I have been reading this post and this post, among other ones in this same site but none of them provides a true solution to these kind of problems, they just give vague suggestions.

My questions now are:

  1. Is my splitting and pooling approach feasable or are there any other better ways of doing this?

  2. How (in code terms) could i split this matrix into pieces (like windows or multidimensional kernels) and rebuild it up again later

  3. Is there some way to process a matrix in chunks in numpy to perform operations with the matrix latyer, like multiplication, addition, etc...

  4. Is there a specific package in Python that helps dealing with this kind of matrix problems

EDIT

Since some users are asking me about the goal of this whole operation, i'll provide some info:

I'm working on a some 3d printing project. In the process there is a laser beam that melts metal powder to create complex metal pieces.
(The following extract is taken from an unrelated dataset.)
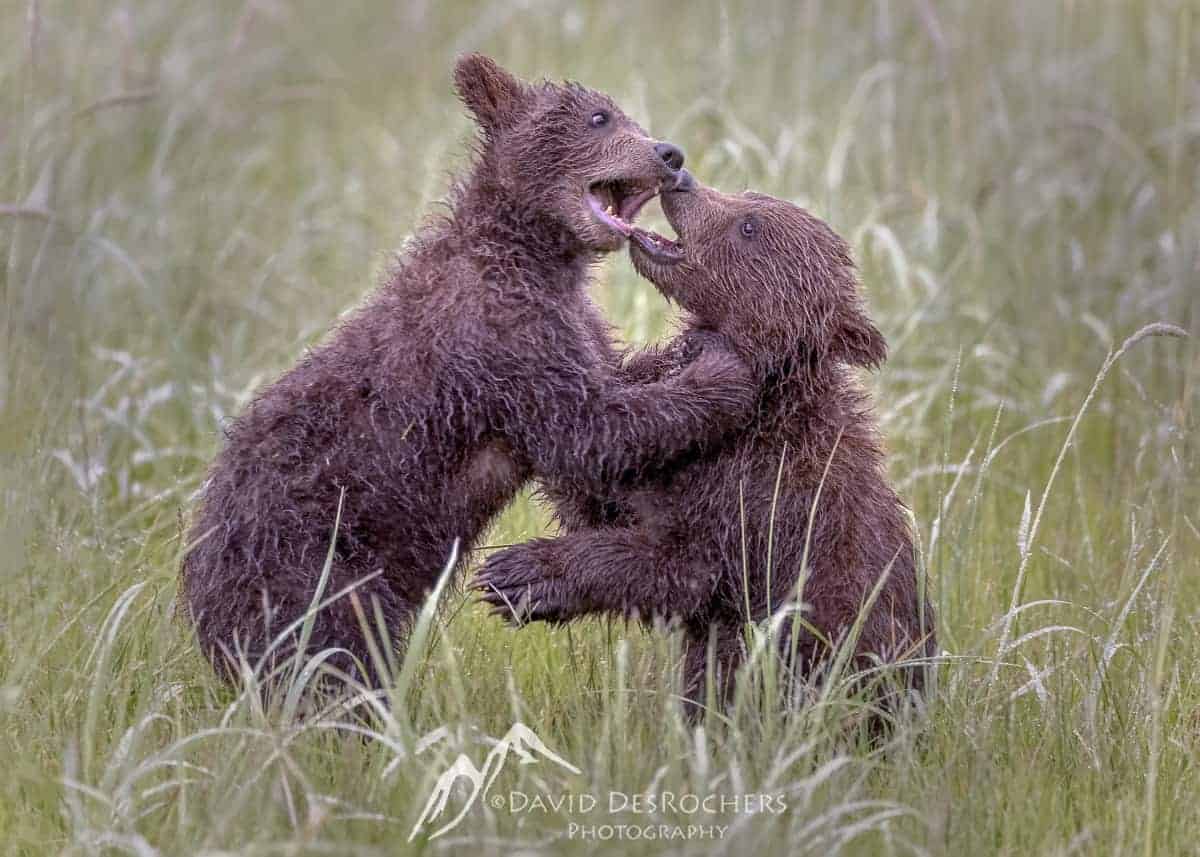 Coastal Brown Bear Cubs Play Fighting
In this pieces there are layers, and the laser melts the metal layer by layer.

I have 3 csv files, each one containing a matrix of 834 x 834. The first matrix contain the coordinates values of the X axis when laser beam is going through powder bed and melting the metal, the second matrix is the same for the Y axis, and the third matrix represents the time the laser stands melting in the same pixel point. The values are expressed in seconds.

So i have the coordinates of the laser passing through the X and Y axes, and the time it takes to melt each point.

This matrices come out from images of the sections of each manufactured piece.

The issue is that the temperature in a certain pixel and the time the laser stands at that pixel can have an influence over the n pixel when the laser gets there. So i want to create a distance matrix that tells me how different or similar in terms of euclidean distance are each pixel of the image to each other.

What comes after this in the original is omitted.